# Realtek ALC1150 optical: no DD option, but plays DD anyway



## TomONeill (Mar 31, 2016)

I know the title is a bit odd when you read it, but I want to discuss this issue in detail with you guys.

Using Realtek ALC1150 with SPDIF, I don't have a 6 channel option even though I hear sound from every speaker when playing test tone at the "Supported formats" tab. I've tried many different drivers, but none seem to work. I also tried replacing the RltkAPO64.dll file with regedit DisableProtectedAudioDG to 1: I do have the option then but when test toning it, I hear only two tones (L and R) with a somewhat longer pause in between. Owning the Logitech Z906 cinema set which allows you to change the levels of each speaker, which allows me only to change two levels (sub and the rest). When I'm playing the test tone, it does allow me to change them all. Here's the strangest part of all: When I'm using Media Player Classic -HC it does play 5.1... How to fix this?
*
Side information:
Little history, you can skip this:*
I had owned a Gigabyte motherboard which has an onboard Realtek ALC892 chip.

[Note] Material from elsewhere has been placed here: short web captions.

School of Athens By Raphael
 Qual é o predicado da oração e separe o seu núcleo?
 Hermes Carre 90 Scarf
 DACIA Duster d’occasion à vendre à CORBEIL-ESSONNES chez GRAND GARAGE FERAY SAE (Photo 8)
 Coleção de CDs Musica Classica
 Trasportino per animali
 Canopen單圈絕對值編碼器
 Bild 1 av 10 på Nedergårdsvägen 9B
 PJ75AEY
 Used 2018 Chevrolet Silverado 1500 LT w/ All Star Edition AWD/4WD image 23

After upgrading to Windows 10 I had some issues with 5.1 sound, but it turned out this was a bug (which got fixed... one full year later). 5.1 was in the Advanced tab and it all worked out (so this setup had been working before).

*Drivers that I tried:*
R270 (don't know exact version)
R271 (don't know exact version)
R275 (don't know exact version)
6.0.1.6409
6.0.1.7727
6.0.1.7779


----------



## TomONeill (May 5, 2016)

Update:
I just found out replacing RltkAPO64.dll and changing DisableProtectedAudioDG to 1 in the register DOES work!
The test-tone is not fully played, but my receiver is actually telling me 5.1 audio is coming in anyhow.


----------



## Mussels (Feb 9, 2022)

You're mistaking the passthrough function, where pre-encoded 5.1 audio goes direct with real time encoding (for non-dolby surround sound, like games and general PC audio)


----------